Принцип первосвященника Каиафы

Если посмотреть на историю человечества и задать вопрос: было ли время или такой момент на земле, когда бы не проливалась кровь человека, – то напрашивается отрицательный ответ. На вопрос, почему так происходит, можно с уверенностью дать ответ: потому что человечество живет по принципу первосвященника Каиафы: «Пусть погибнет один человек, нежели весь народ» (cр.: Ин. 11, 50).

Этому принципу следуют сильные мира сего, когда решают судьбы тех, кому жить, а кому умереть, кому возвыситься, а кому быть «навозом» для истории грядущих поколений. Этим принципом не гнушаются и те, кто, преодолев страх «твари дрожащей», вдруг становятся «право имеющими» приносить в жертву «никчемных людей», чтобы осчастливить тысячи иных, исполненных смысла жизней. «За одну жизнь – тысячи жизней, спасенных от гниения и разложения. Одна смерть и сто жизней взамен – да ведь тут арифметика!» – слышим от пришедшего в восторг героя Достоевского.
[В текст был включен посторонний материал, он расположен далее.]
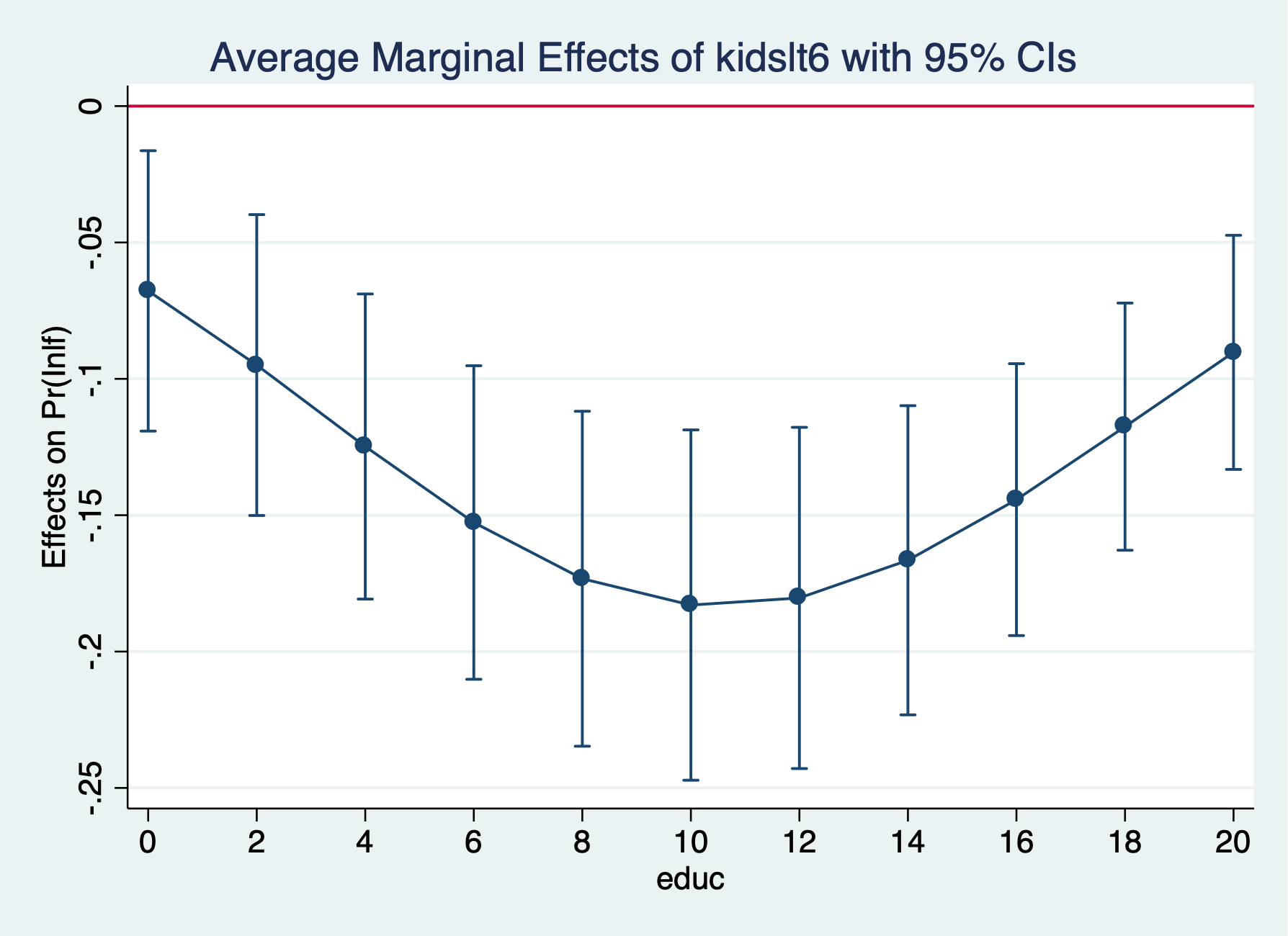 Marginal Effect of Kids Less Than 6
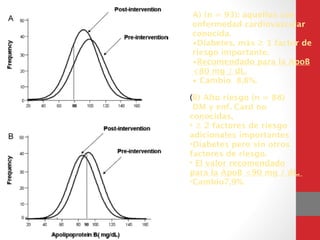 A) (n = 93): aquellos con
enfermedad cardiovascular
conocida.
•Diabetes, más ≥ 1 factor de
riesgo importante.
•Recomendado para la ApoB
<80 mg / dL.
• Cambio 8,8%.
(B) Alto riesgo (n = 88)
DM y enf. Card no
conocidas, 
• ≥ 2 factores de riesgo
adicionales importantes
•Diabetes pero sin otros
factores de riesgo.
• El valor recomendado
para la ApoB <90 mg / dL. 
•Cambio7,9%. 
!
 
 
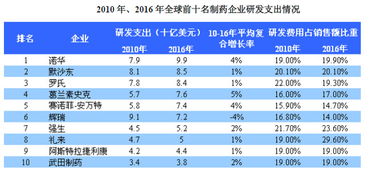 申购新股和购买新股有什么区别？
И действительно, данный язык «арифметики» стал универсальным языком общения в истории народов, а овладение им в совершенстве стало считаться залогом успешного развития цивилизации и гарантом безопасности от безвременного ее исчезновения с лица земли. Вся историческая правда человеческих отношений была сведена к формуле преобладания сильного над слабым, человек устремился на поиск средств, дававших ему возможность доминировать.
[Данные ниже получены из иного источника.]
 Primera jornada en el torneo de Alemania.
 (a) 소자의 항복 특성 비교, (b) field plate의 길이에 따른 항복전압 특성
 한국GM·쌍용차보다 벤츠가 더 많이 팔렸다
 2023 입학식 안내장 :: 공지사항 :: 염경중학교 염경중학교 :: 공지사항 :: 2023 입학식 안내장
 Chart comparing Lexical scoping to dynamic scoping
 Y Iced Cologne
Древо познания добра и зла, некогда произраставшее в райскому саду, оказалось древом яда – анчаром, одиноко возвышающемся в пустыне. Взору Поэта вдруг открылась страшная картина арифметических выкладок «математиков», в центре которой гордо стоял символ господства человека над человеком. Оставалось лишь запечатлеть сей трагический образ истории чернилами на клочке бумаги:    

Но человека человек

Послал к анчару властным взглядом,

И тот послушно в путь потек

И к утру возвратился с ядом.

 

[…] Принес — и ослабел и лег

Под сводом шалаша на лыки,

И умер бедный раб у ног

Непобедимого владыки.

 

А царь тем ядом напитал

Свои послушливые стрелы

И с ними гибель разослал

К соседям в чуждые пределы [1].

 

Напитанные ядом стрелы глубоко ранили сердце другого Поэта – архимандрита Софрония (Сахарова), жизнь которого явилась свидетельством «молитвы до крови за мир» [2]. К нему теперь бежит наше сердце, его словам внимает наш ум, к нему мы обращаем внимание всякого человека.
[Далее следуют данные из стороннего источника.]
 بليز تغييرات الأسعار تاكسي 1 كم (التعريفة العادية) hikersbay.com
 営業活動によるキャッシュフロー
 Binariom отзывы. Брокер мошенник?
Восприняв слова Спасителя: «Да будут все едино»(Ин. 17, 21),– как главнейшую заповедь из всех, что дал человеку Бог, отец Софроний остро переживал трагедию человеческих разделений. Причину трагедии он видел прежде всего в сознательном отрицании либо непонимании Божественного принципа единства, малое искажение которого приводит к безудержной страсти доминировать. «Обычно в мире идет борьба за доминацию над слабейшим, – обращается отец Софроний к насельникам основанной им обители. – Через убийство, часто масс, люди устанавливают свою власть над миром, и это есть путь мира во всех веках, это есть история нашей человеческой жизни» [3]. Стремление доминировать, читаем в одном из его писем в Россию, «…приводит к непрестанным войнам и самым безжалостным, кровопролитным, всегда оправданным какими-то весьма высокими целями» [4]. «Полвека МОЛИТВЫ ДО КРОВИ ЗА МИР ВО ВСЁМ МИРЕ поглотили все мои силы, – напишет с болью отец Софроний. – …Проповедь о любви принесена из другого мира и не воспринимается людьми. Свет сей не лечит их, то есть Свет Свыше. УПОРСТВО ДИКОЕ В БОРЬБЕ ЗА ПРЕОБЛАДАНИЕ РАЗРУШАЕТ ВСЁ НА ЗЕМЛЕ» [5].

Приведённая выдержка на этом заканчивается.